My scenario of spark job is to connect to PostgreSQL database, read the data from PSQL and performing aggregations after reading the data. In this process I am able to establish database connection successfully and while selecting rows from a table I am facing
ERROR : java.lang.OutOfMemoryError java heap space
And
ERROR : java.lang.OutOfMemoryError: GC overhead limit exceeded
To resolve heap space issue I have added below config in spark-defaults.conf file. This works fine
spark.driver.memory 1g
In order to solve GC overhead limit exceeded issue I have added below config
spark.executor.memory 1g
spark.executor.extraJavaOptions Xmx1024m
spark.dirver.maxResultSize 2g
These configurations didn't work to 100% still i am facing same issue. Along which I am also getting
PSQL ERROR : org.postgresql.util.psqlexception ran out of memory retrieving query results
I am facing these issues while I am dealing with tables that have huge no.of rows i.e., news_mentions table has 4 540 092 records and size of table is 5 476 MB. SO it is taking even more time to execute spark-job which has to be done within seconds.
Here is my actual code.
from pyspark.sql import SparkSession
from pyspark import SparkContext
from pyspark.sql import SQLContext
from pyspark.sql import HiveContext
from pyspark.sql import DataFrameReader
sc = SparkContext()
sqlContext = SQLContext(sc)
sqlContext = HiveContext(sc)
input_media_source = " Times of India"
# Connecting to news_mentions table
df1 = sqlContext.read.format("jdbc").option("url", "jdbc:postgresql://localhost:5432/testdb").option("dbtable", "news_mentions").option("user", "postgres").load()
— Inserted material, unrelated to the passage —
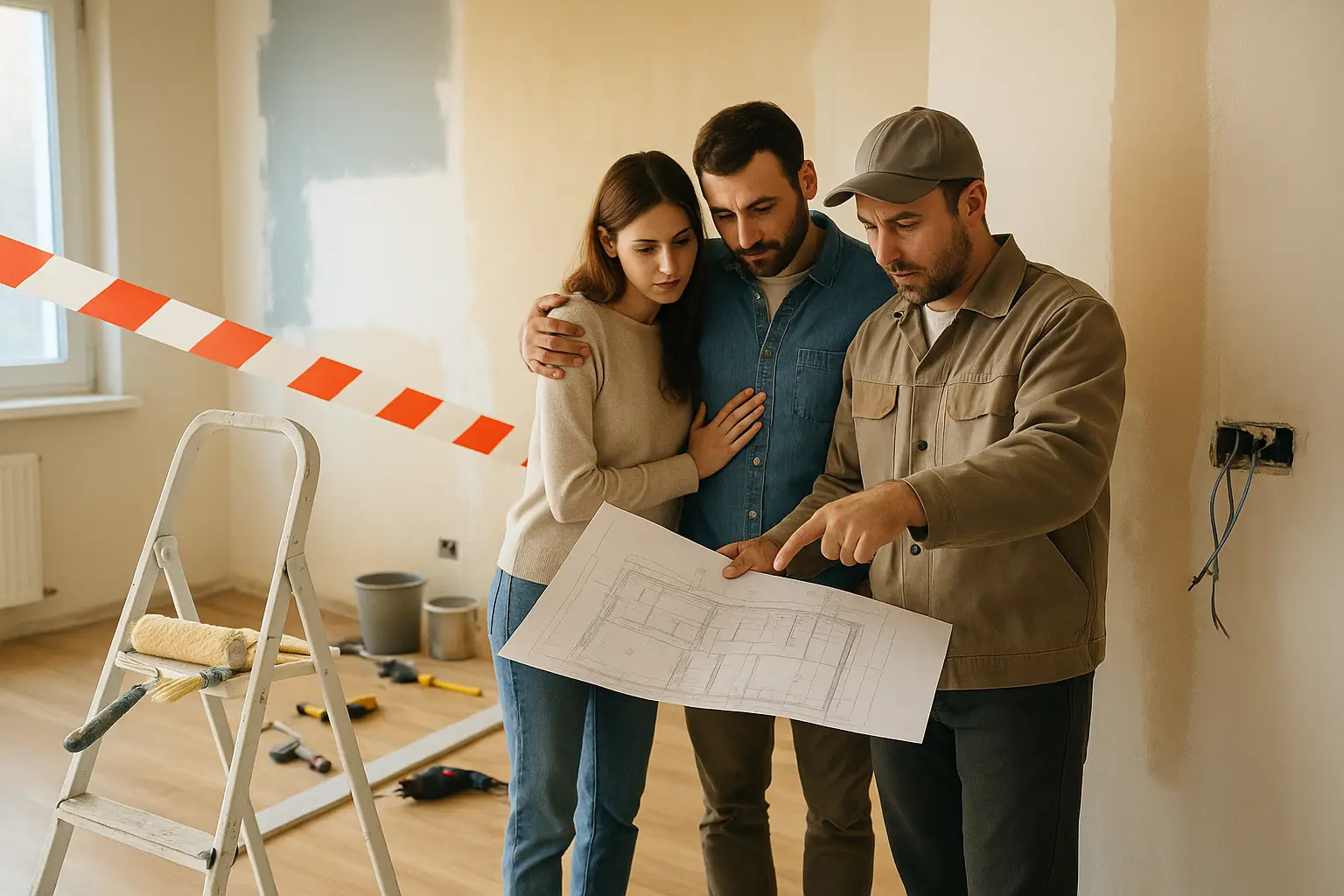 matrimonio contratista viendo planos reforma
df1.createOrReplaceTempView("news_mentions")
news_mentions_DF = sqlContext.sql("SELECT * FROM news_mentions")
news_mentions_DF.show()
I'm facing GC limit exceeded error while performing show(). How to run my pyspark job quickly with high performance without any errors?
NOTE : I am running my pyspark job using spark-submit command without starting any standalone cluster mode.
My spark version - 2.2.0 with python version - 3.5.2